§ **Information**

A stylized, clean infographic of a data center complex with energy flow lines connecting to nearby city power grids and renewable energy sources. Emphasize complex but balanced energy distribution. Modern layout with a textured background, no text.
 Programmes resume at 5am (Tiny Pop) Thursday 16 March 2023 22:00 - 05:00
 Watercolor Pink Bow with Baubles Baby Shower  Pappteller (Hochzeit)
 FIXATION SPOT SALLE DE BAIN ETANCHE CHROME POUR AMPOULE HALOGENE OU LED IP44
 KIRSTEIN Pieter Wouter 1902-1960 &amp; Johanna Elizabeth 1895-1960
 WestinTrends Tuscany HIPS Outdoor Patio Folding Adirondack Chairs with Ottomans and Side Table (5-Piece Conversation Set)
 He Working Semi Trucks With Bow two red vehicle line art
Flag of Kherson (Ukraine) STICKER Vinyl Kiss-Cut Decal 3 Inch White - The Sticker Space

§ **Prompt**
The answer should consist solely of the lines from the one that contains "Watercolor Pink Bow" through the end of the material above, copied exactly.

§ **Solution to the exercise**
 Watercolor Pink Bow with Baubles Baby Shower  Pappteller (Hochzeit)
 FIXATION SPOT SALLE DE BAIN ETANCHE CHROME POUR AMPOULE HALOGENE OU LED IP44
 KIRSTEIN Pieter Wouter 1902-1960 &amp; Johanna Elizabeth 1895-1960
 WestinTrends Tuscany HIPS Outdoor Patio Folding Adirondack Chairs with Ottomans and Side Table (5-Piece Conversation Set)
 He Working Semi Trucks With Bow two red vehicle line art
Flag of Kherson (Ukraine) STICKER Vinyl Kiss-Cut Decal 3 Inch White - The Sticker Space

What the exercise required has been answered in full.